Now, (Professor Jacob observed) the question suggests itself as to how cases of this kind are to be dealt with; should they be temporized with? This he considers we are perfectly justified in doing if the body has lain quietly for a considerable time, and more especially, if it be exceedingly small; but if the foreign body is the source of a certain amount of irritation, the distress experienced will of course compel the surgeon at once to remove it. In the case first alluded to, and a specimen of which had been sent round, there had been, as he had stated, a great deal of inflammation, followed by an eccentric pupil and opaque lens, yet no shrinking of the eyeball or other indication of destructive inflammation. With respect to the mode of procedure for the removal of foreign bodies in the interior of the eye, Professor Jacob would recommend the method pursued in the case of the fragment in the anterior chamber, so little effusion or distress had followed upon it. In such a case it is supposed that it is only necessary to make an incision in the cornea, and let the foreign body pass out as the lens would in extraction; the operation is, however, attended with greater difficulty than might at first sight be expected.
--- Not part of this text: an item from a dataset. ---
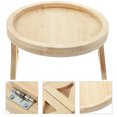 thumbnail image 4 of Plateau d'Accoudoir de Sofa Table Plateau Rond en Bois Plateau Pliable pour Collations Plateau de Sofa, 4 of 9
In the first place, if recently lodged in the eye, a good deal of difficulty attends its extraction. It is stated by Lawrence, Tyrrel, and others-though he (Professor Jacob) was not satisfied of the factthat these bodies become adherent, that they become imbedded or enveloped in lymph. This, to be sure, one might expect, arguing from what occurs in other parts of the body under similar circumstances, but such was not the result of his experience; for instance, in the case under consideration, the particle of stone was perfectly clean and as distinctly visible in the anterior chamber, as if placed for examination in a drop of water. There was positively no lymphy coating either on the stone or in the case of the copper-cap; indeed, he could not clearly see where the lymph was to come from; if

lymph were shed, it would of course be the result of inflammatory action, and the foreign body would become adherent in consequence.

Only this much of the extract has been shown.